The only reason that got taken out of the final bill was that eventually, the House had to pass an unamended version of the Senate's bill, which didn't have Stupak's provision, because Ted Kennedy died. Massachusetts held a special election to replace him, which was won by a Republican-- Scott Brown-- and that brought the Democrats down to 59 votes in the Senate. So, the only way for the Democrats to pass the ACA was for the House to pass the unamended Senate version and skip the House-Senate reconciliation process, then pass a budget reconciliation bill with a few changes, but since Stupak's provisions weren't budgetary, they couldn't be included in that.

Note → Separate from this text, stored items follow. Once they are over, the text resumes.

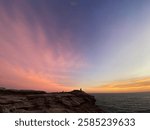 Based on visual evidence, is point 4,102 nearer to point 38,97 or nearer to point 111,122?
point 38,97

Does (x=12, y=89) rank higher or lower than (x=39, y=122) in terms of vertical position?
higher

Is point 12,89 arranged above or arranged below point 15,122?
above

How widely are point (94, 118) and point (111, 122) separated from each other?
700mm

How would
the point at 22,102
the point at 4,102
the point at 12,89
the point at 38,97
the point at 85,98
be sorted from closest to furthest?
the point at 4,102 < the point at 22,102 < the point at 38,97 < the point at 12,89 < the point at 85,98

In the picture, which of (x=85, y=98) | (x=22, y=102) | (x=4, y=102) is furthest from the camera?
(x=85, y=98)

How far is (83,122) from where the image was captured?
33.7ft

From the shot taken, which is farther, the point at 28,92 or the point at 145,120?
the point at 28,92

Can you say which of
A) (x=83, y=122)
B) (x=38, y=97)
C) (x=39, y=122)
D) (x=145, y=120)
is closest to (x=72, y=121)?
(x=83, y=122)

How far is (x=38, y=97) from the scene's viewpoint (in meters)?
34.6

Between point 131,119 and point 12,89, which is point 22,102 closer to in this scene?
point 12,89

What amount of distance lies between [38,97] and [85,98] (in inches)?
708

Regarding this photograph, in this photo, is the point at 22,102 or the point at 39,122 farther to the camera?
the point at 22,102

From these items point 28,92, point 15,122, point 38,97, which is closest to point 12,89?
point 28,92

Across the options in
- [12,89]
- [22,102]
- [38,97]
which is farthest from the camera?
[12,89] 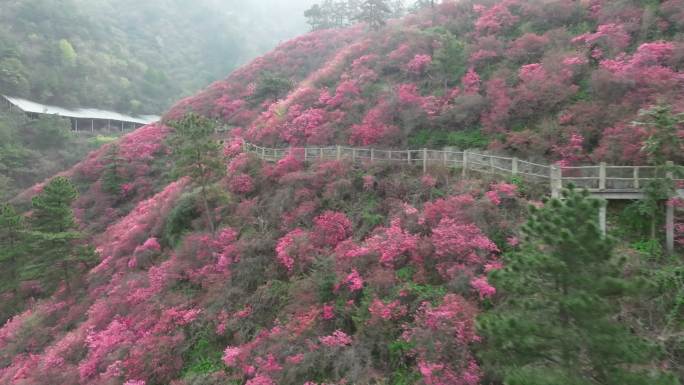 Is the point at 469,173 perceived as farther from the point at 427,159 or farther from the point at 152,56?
the point at 152,56

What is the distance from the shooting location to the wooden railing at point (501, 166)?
1160cm

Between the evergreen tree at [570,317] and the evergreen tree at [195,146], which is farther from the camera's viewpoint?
the evergreen tree at [195,146]

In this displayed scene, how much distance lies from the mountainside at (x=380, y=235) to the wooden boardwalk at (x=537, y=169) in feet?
1.59

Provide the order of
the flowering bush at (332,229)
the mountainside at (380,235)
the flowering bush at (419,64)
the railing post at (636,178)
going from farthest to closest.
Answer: the flowering bush at (419,64) → the flowering bush at (332,229) → the railing post at (636,178) → the mountainside at (380,235)

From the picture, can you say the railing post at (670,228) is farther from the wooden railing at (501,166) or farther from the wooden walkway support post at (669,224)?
the wooden railing at (501,166)

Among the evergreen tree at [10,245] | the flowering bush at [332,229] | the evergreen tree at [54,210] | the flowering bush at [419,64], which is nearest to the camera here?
the flowering bush at [332,229]

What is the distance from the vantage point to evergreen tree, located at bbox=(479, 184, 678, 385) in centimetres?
586

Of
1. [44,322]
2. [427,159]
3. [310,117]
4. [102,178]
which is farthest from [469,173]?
[102,178]

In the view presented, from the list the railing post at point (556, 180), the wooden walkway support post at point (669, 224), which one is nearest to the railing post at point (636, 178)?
the wooden walkway support post at point (669, 224)

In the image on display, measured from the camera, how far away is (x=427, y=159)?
53.6 ft

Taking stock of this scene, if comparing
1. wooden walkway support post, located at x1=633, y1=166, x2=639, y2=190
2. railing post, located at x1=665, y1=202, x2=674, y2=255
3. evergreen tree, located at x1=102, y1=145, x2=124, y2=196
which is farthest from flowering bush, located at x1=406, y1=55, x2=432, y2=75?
Result: evergreen tree, located at x1=102, y1=145, x2=124, y2=196

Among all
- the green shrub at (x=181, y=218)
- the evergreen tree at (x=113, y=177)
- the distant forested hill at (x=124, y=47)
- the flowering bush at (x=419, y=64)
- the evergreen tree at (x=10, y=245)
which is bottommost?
the evergreen tree at (x=10, y=245)

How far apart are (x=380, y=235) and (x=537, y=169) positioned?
6364mm

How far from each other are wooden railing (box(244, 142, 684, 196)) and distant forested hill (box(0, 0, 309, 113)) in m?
52.5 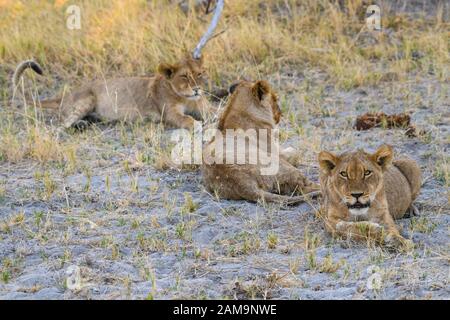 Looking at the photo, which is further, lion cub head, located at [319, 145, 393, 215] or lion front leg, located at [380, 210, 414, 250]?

That was actually the only time the centrists had to eat it on the ACA. The idea that Pelosi just steamrolls them and makes them give her their lunch money... no. That's not how it works. Pelosi is the best because she understands math and reality. What I wrote in my last book, Incremental Polarization: A Unified Spatial Theory of Legislative Elections, Parties & Roll Call Voting, is that she uses "preference-preserving influence." Members of Congress are sometimes cross-pressured. They have policy preferences which sometimes conflict with their electoral pressure. That creates a collective action problem. She solves the collective action problem, and gets members to vote with their own policy preferences, frequently against their own electoral interests, when it is necessary to pass big, important bills. She's not bullying them to vote for bills they hate. It doesn't work that way. It didn't work that way on the ACA, and it won't work that way now.
So what about this batch? What will they get? What will they try to get? I don't know! But permitting the bipartisan bill and the reconciliation bill to be "linked" means they get squat. Why? 'Cuz they can't walk away. The first step to getting anything is the separation, so that they have a credible threat to walk away.
Then the question becomes figuring out what they want.
We then notice that coherent policy demands are not being made in the same way as they were in the case of the ACA. What would that suggest? Either a lack of any coherent strategy (always a possibility!) or smaller, more particularized demands. Either way, that's why the strategic matter of linking and delinking bills matters.
And I was too busy yesterday to post some jazz. Oops. So jazz today. Gabor Gado, "Reconstruction," from Orthodoxia.